If the testamentary capacity of a person is in question, this may open up a will to be challenged. Some indications that testamentary capacity might be in issue are the following:

  • Large departures from an earlier testamentary document;
  • Suspicious circumstances;
  • The possibility of undue influence;
  • An illness or mental illness present at the time the will was prepared;
  • Knowledge that the will-maker was on medication or drugs that could have altered their mental state;
  • A will-maker who rushed into preparing the will on an urgent basis.

The testamentary capacity of an individual can be both a delicate and complicated issue. The wills and estate litigation lawyers of MacLean Law are available to answer any questions regarding testamentary capacity.

What are the principles of determining inheritance rights in a Vancouver estate litigation dispute?

Vancouver estate litigation lawyers explain that under the Wills and Estate Act, the principles of determining inheritance rights are:

  • When a person is a spouse;
  • The effect of adoption;
  • The requirement to survive at least five days;
  • The implications of a posthumous birth;
  • The rights of posthumously conceived children.

Other fundamental rules are also addressed, including:

  • The requirements for a contrary intention in a will to be given effect;
  • The admissibility of external evidence to interpret a will;
  • What happens if two people who inherit from each other die simultaneously.

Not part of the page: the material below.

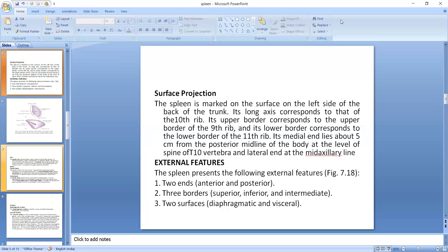The external surface: these are some things that are present in the external features, that are the two ends, that is the anterior and posterior, and three borders, that are superior, inferior, and intermediate borders, and two surfaces, that is the diaphragmatic and visceral surfaces.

Finally, the implications of Nisga’a and First Nations’ Final Agreements on succession law and, in particular, their right to control the disposition of treaty lands and cultural property are also addressed.

Who pays legal fees on a contested will in a Vancouver estate dispute?

Vancouver estate litigation lawyers want you to understand that the expense involved in an estate dispute is often paid from the estate and can significantly erode the amount remaining for the beneficiaries. However, in cases where the party loses the variation action, the estate doesn’t pay, the losing party will have to pay the legal costs of the winning party. It’s important to note that depending on the circumstances, the court will have discretion to depart from that rule and grant costs out of the estate.

If you and your loved ones require estate litigation guidance, contact the experienced Vancouver estate litigation lawyers at MacLean Law.

What does the new WESA legislation change for Vancouver estate litigation in BC?

Our top rated* Vancouver BC Estate Litigation lawyers want you to know that the Wills, Estates and Succession Act, S.B.C. 2009, c. 13 (“WESA”), sections 36-40 set out the new rules for Wills in BC:

  • The will must be in writing and be signed at its end by the will-maker;
  • The will-maker’s signature must be made or acknowledged by the will-maker in the presence of two or more witnesses who are both present at the time of signing by the will-maker and the witness must be age 19 or older;
  • The age of the will-maker is now 16 down from 19;
  • Section 52 of WESA creates a new presumption of undue influence where certain types of relationships exist. Under this provision, a party challenging a will based on undue influence will need only show that the will-maker was in a position of dependence or submission to another person;
  • Relaxed rules for curing defective wills.